Housebuilders were also criticised for not doing enough to contribute to the communities in which they are built. On average they ranked poorly in terms of considerate construction, creating employment and building sustainable communities. The survey also found that housebuilders had a tendency not to regard health and safety as a sustainability issue.
On the upside, the survey did unearth a couple of star performers. Countryside Properties and the Berkeley Group were both praised for integrating sustainability into their mainstream business practices.
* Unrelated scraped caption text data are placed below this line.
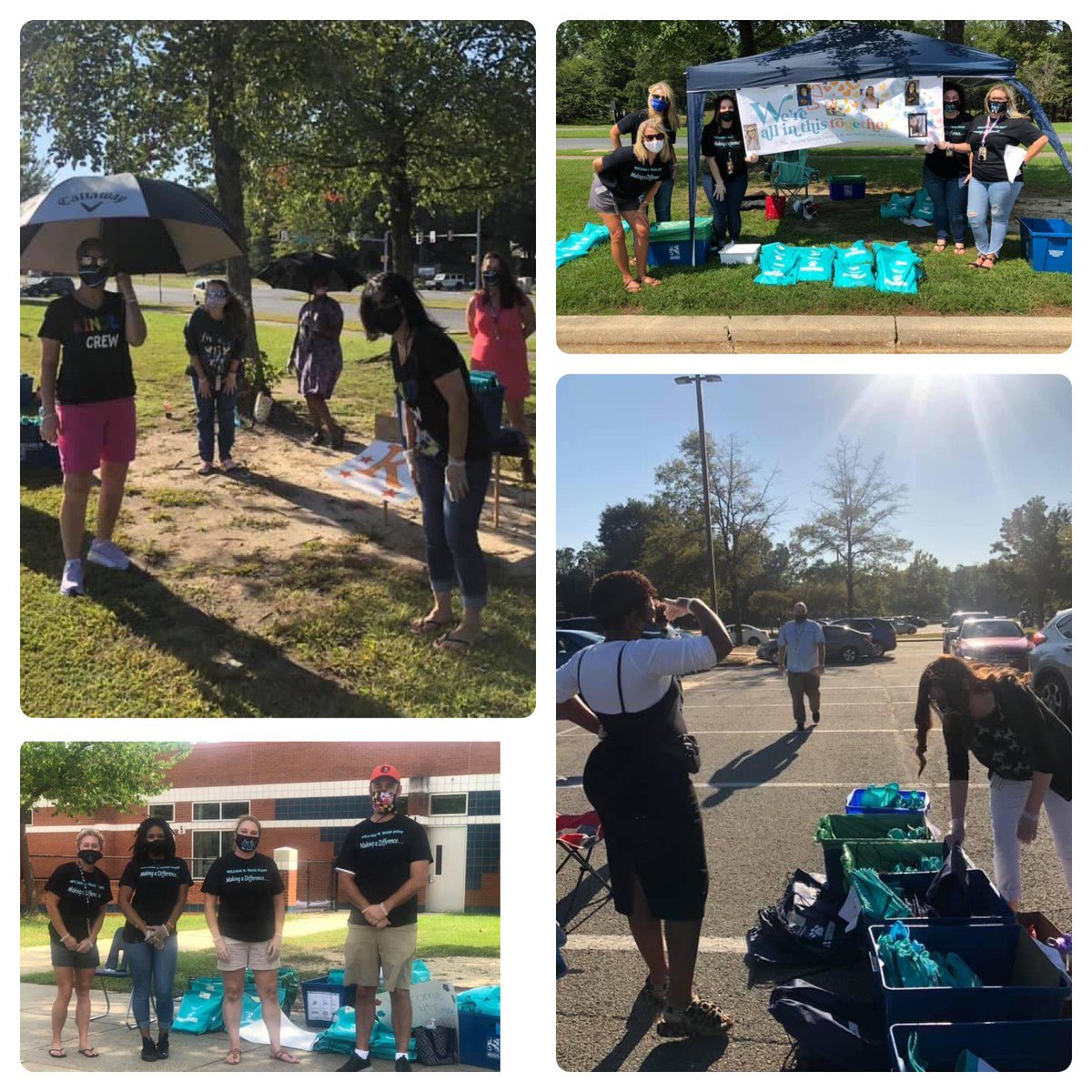 Day 1-Everyday I will post a picture from a day in the life of an educator. I will post without explanation and nominate someone else to take the challenge. That's 7 days, 7 pictures, and 7 nominations.  Today I nominate Michelle Beckwith <a href="/DrJamesCraikES/">Dr. James Craik ES</a>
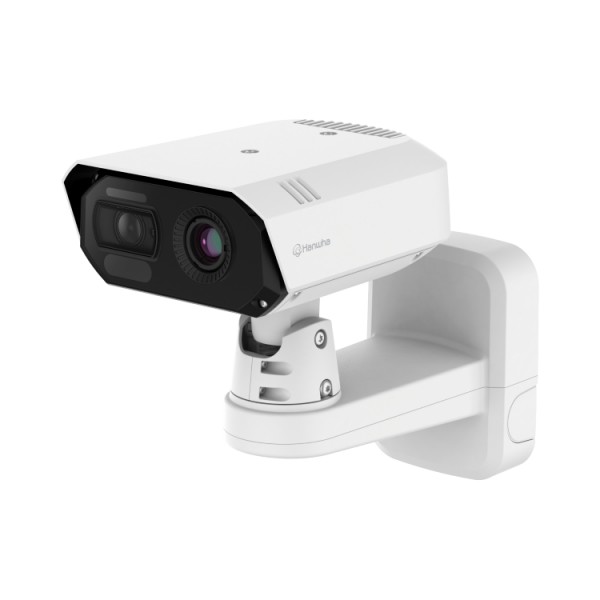 Hanwha Techwin Cámara térmica AI IR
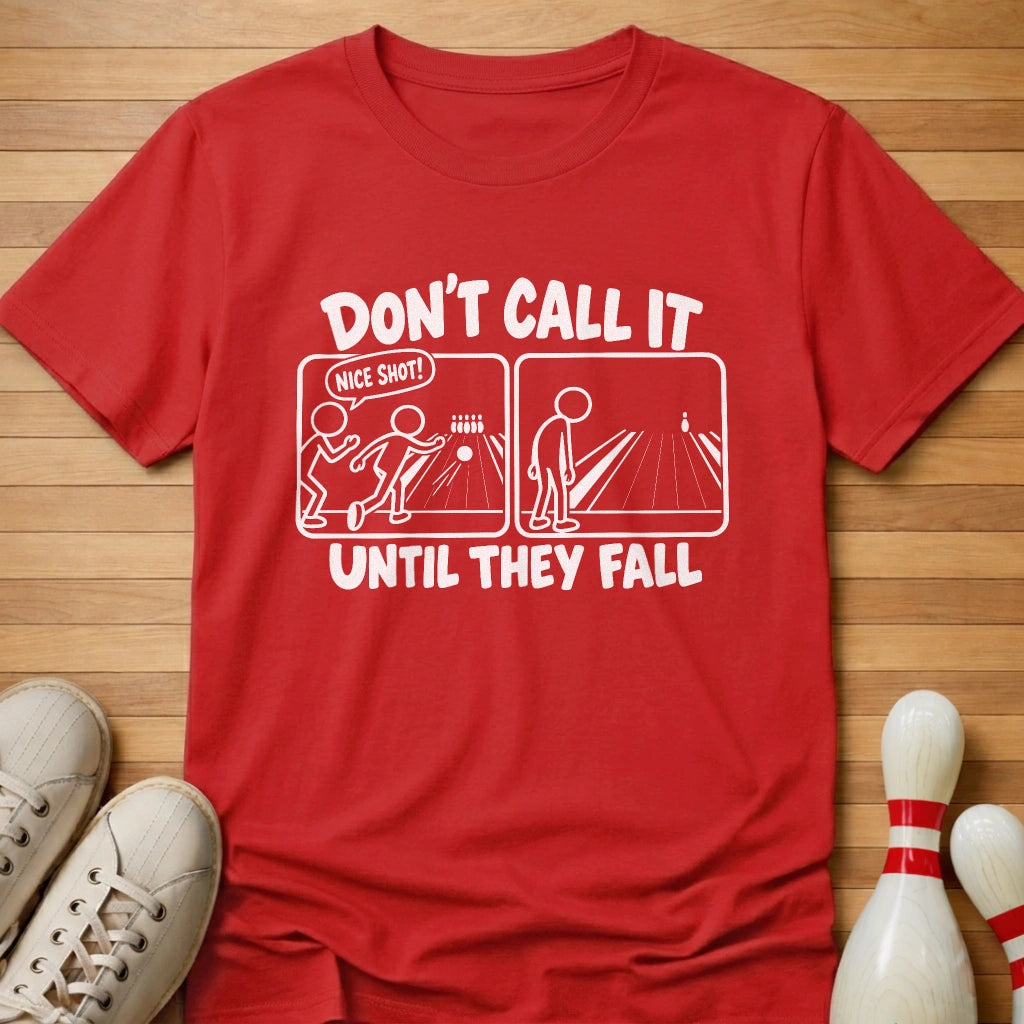 Don't Call It T-Shirt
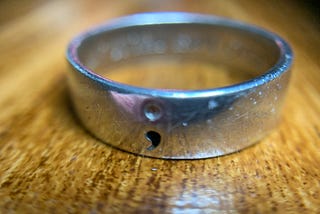The Marks Of A Ring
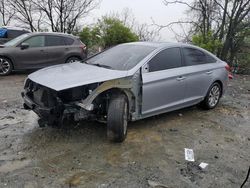Vehiculos salvage en venta de Copart Baltimore, MD: 2017 Hyundai Sonata Sport
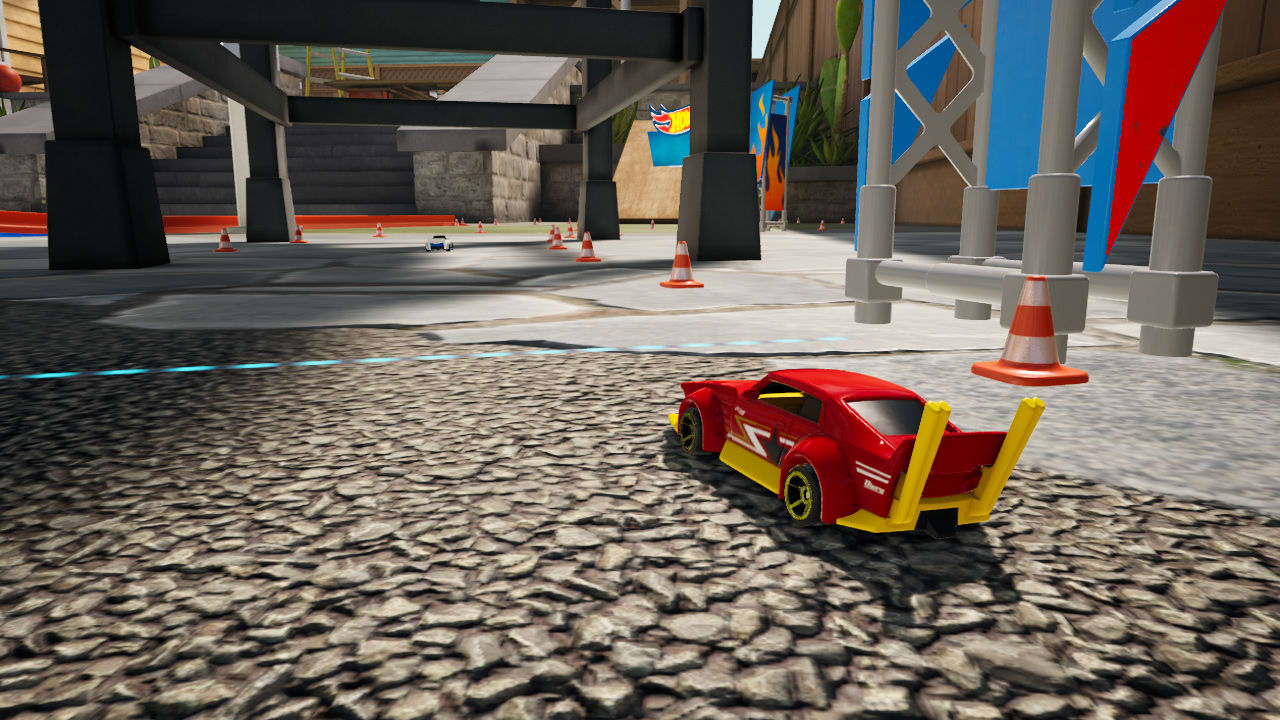 HOT WHEELS UNLEASHED™ 2 - Manga Free Pack 4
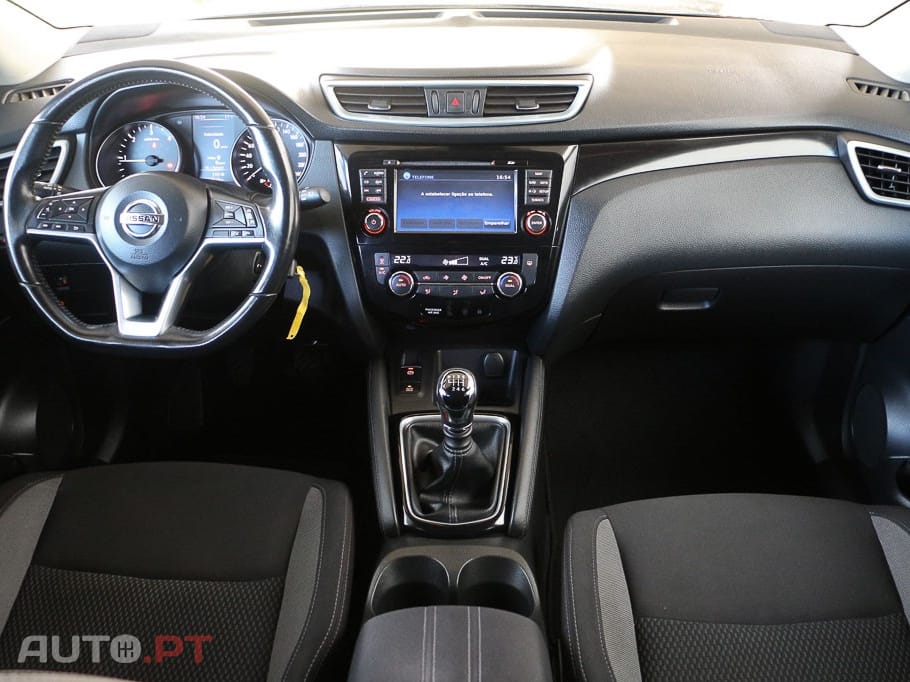 Nissan Qashqai 1.5 dCi Acenta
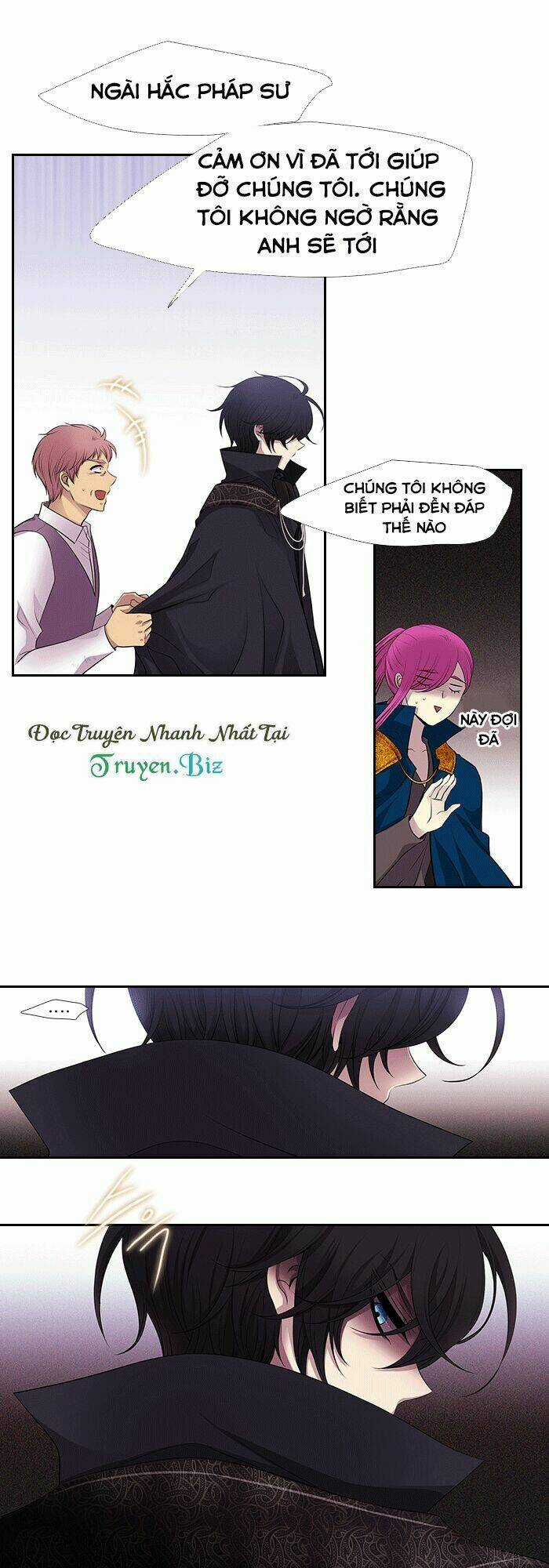 Black Haze Chapter 228 trang 6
Berkeley scored 70-80 out of a possible 100, while Countryside were given 90-100%.
The Energy Saving Trust welcomed steps taken by Countryside and Berkeley and urged other companies to follow suit. “While the survey shows that the minority of housebuilders have their finger on the pulse, we are still a long way from ensuring that the whole industry builds homes to energy efficient standards,” said Phillip Sellwood, chief executive of the EST.
Sellwood believes that market forces should make housebuilders take a more sustainable approach to building. “We already know that people would prefer their homes to be environmentally friendly and that 40% of people are willing to pay more to help their home mend its energy criminal ways. They realise the cost savings available through the introduction of energy efficient measures.”
The survey measured the housebuilders’ impact on the environment and society, as well as their governance strategies and risk management. The scores were based on publicly available information and follow-up meetings with WWF and Insight, with the exception of Wilson Bowden. Its final score would have been affected as a result.